On Thursday, Jack Nicklaus took a lesson from a 23 handicapper. On Friday, Arnold Palmer made a 10 on one hole, including five passes at the ball to extricate himself from one bunker. This goes down as the worst performance in sand since Elvis made Viva Las Vegas . On Saturday, 25,000 Scots braved temperatures in the low 50's, 40-mph winds, which made it seem colder, and eight hours of rain to watch four guys break par. And on Sunday, the kid who blew the tournament, the one a bookie had at 66 to 1, looked for all the world like golf's future.

He is Paul Azinger, 27, a 6'2", 170-pound flagstick and former boat-barnacle scraper from Sarasota, Fla., and he looks less like a professional golfer than like somebody who might carry June Cleaver's groceries out to her car. He often didn't break 40 for nine holes as a high school senior, went through the qualifying school three times, once won less than $11,000 in an entire year on the Tour and drives an '85 Chevy Blazer.

On the last day at Muirfield, in a Scottish mist thicker than a Slurpee at a Sarasota 7-Eleven, Azinger needed only two lousy pars on the last two holes to carve his initials on the picnic table of golf history. Instead, he made two bogeys and handed the old silver claret jug to the great Brit hope, Nick Faldo, a man who didn't have a birdie all day.

Who, in all of Britannia, was figuring on the 30-year-old Faldo? This was the U.K.'s not-so-favorite son, the press's Nicky Fold-o, the man who had let down the Union Jack by folding on the front nine in the final round of the 1984 Masters after having started only two shots out; who later that year lost at St. Andrews after being in contention; who had failed to keep the old trophy on native soil despite his claim to the throne as the best player in the land. Ever tried to play 18 holes with a country on your back?

But there he was Sunday afternoon, battling Azinger, the Brit and the Yank, which, if you thought about it, was not so strange 't all. Muirfield has 159 of the sandiest and ugliest bunkers extant, and each man happens to have led his respective Tour in sand saves. Sometimes the game is not so complicated after all.

Still, by the time Faldo had made the turn, they were beginning to line up glasses of hemlock in London. Faldo had been over the par-5 9th green in two, but came away with only a five. When Azinger rolled in a 14-footer on the 8th with the smoothest stroke to happen along the PGA Tour in, say, the last five years, he led by three.

But that's when the figurative winds shifted. Faldo saved par at 11. Azinger bogeyed 10 after misclubbing himself. Two-shot lead. Faldo made a routine par at 13. Minutes later, Azinger frittered away another shot at 11. One-shot lead. That's how it stayed until Azinger played the par-5 17th. As Faldo stood looking at the 40-foot birdie putt on 18 he thought he needed to tie, little did he know that about 500 yards behind him, Azinger was bogeying 17, having body-slammed a driver into a fairway bunker—another misclub. "Ridiculous," Azinger said. "I should have hit a one-iron. That driver cost me the championship." He had no choice but to chip out sideways.

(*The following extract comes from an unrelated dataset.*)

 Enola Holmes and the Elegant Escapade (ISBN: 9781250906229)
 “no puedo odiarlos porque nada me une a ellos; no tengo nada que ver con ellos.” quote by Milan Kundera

Faldo ran his putt four feet by and then calmly rapped the next one into the cup. He didn't learn that Azinger had dropped a stroke until he was inside an R & A trailer. And even then, with two TVs in the room, someone had to tell him. He was too nervous to watch.

Azinger's bogey on 17 left him needing a par 4 on 18 to tie. His tee shot left him 210 yards from the green in the middle of the fairway, a five-iron in his bony hands. "I was looking forward to a playoff," he said. "I felt in complete control. I don't know what happened."